__Work to complete__
Please restate each entry that appears below word for word, without its pictures.

__Data for this task__

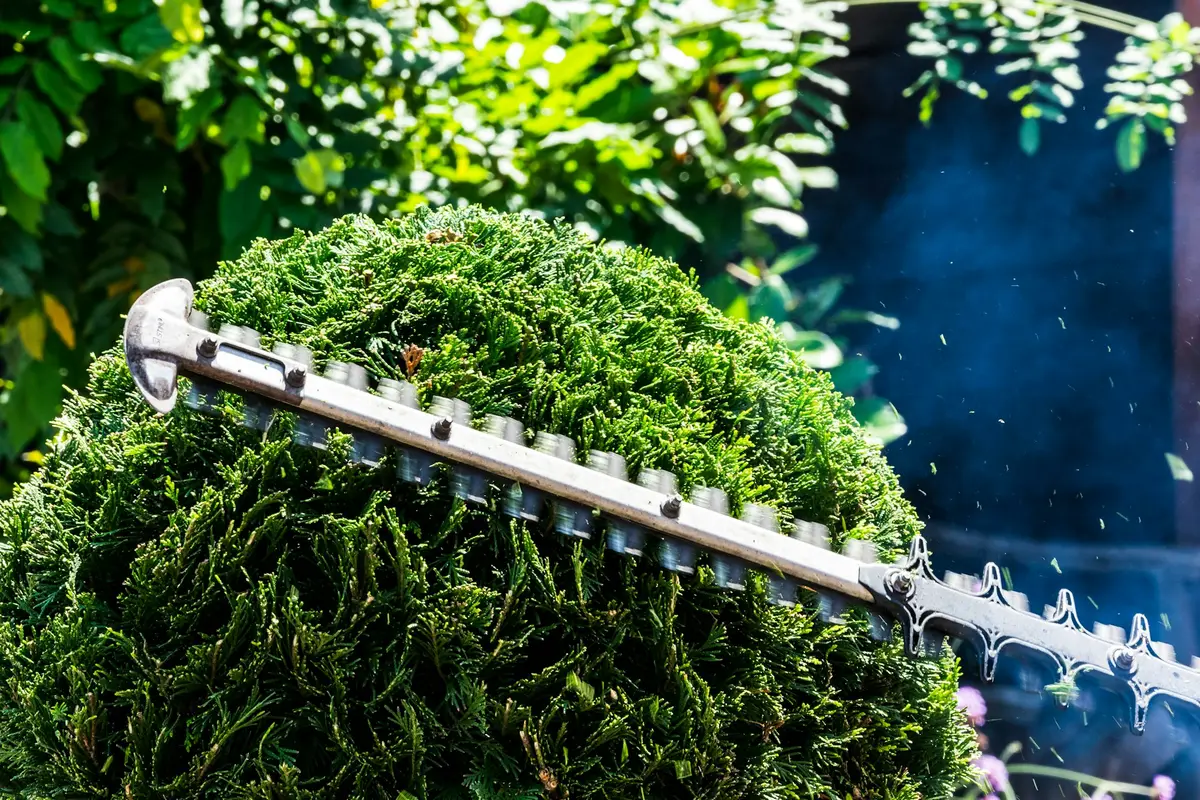 Heckenschnitt mit einer Heckenschere an einer gepflegten Hecke
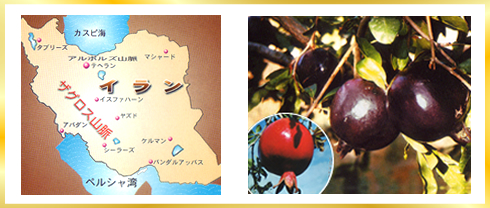 ザクロ/イラン地図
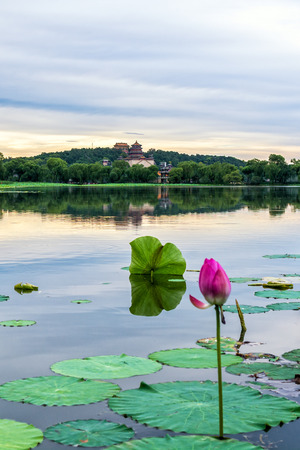 The Summer palace with lotus flower under the sunset in Beijing.のeditorial素材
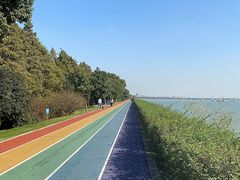 -贡湖湾湿地公园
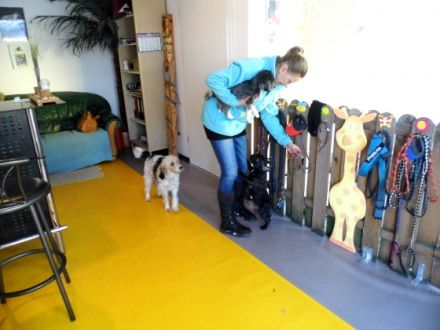 Hundepension Wuffvital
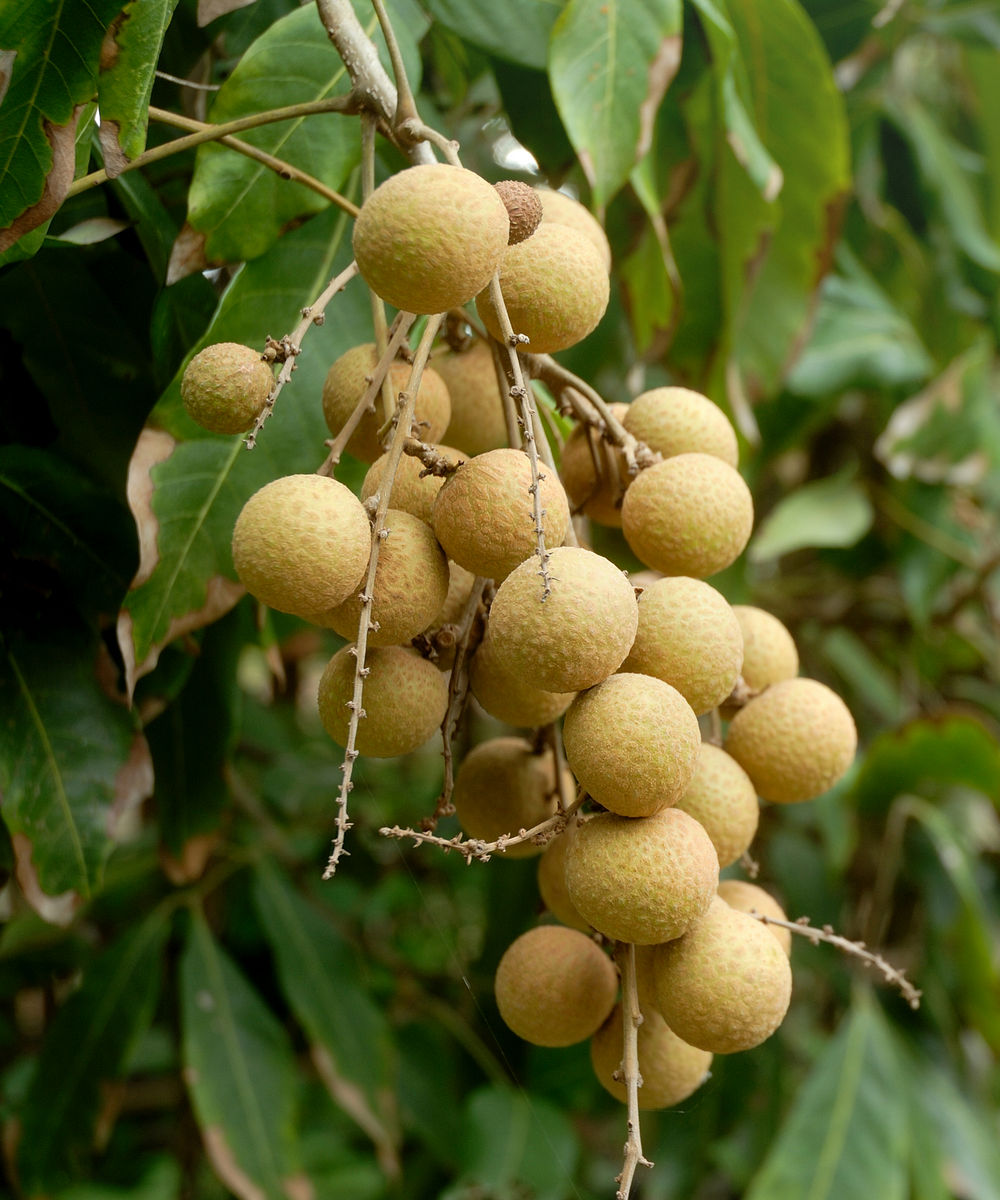 Dimocarpus longan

__Task solution__
 Heckenschnitt mit einer Heckenschere an einer gepflegten Hecke
 ザクロ/イラン地図
 The Summer palace with lotus flower under the sunset in Beijing.のeditorial素材
 -贡湖湾湿地公园
 Hundepension Wuffvital
 Dimocarpus longan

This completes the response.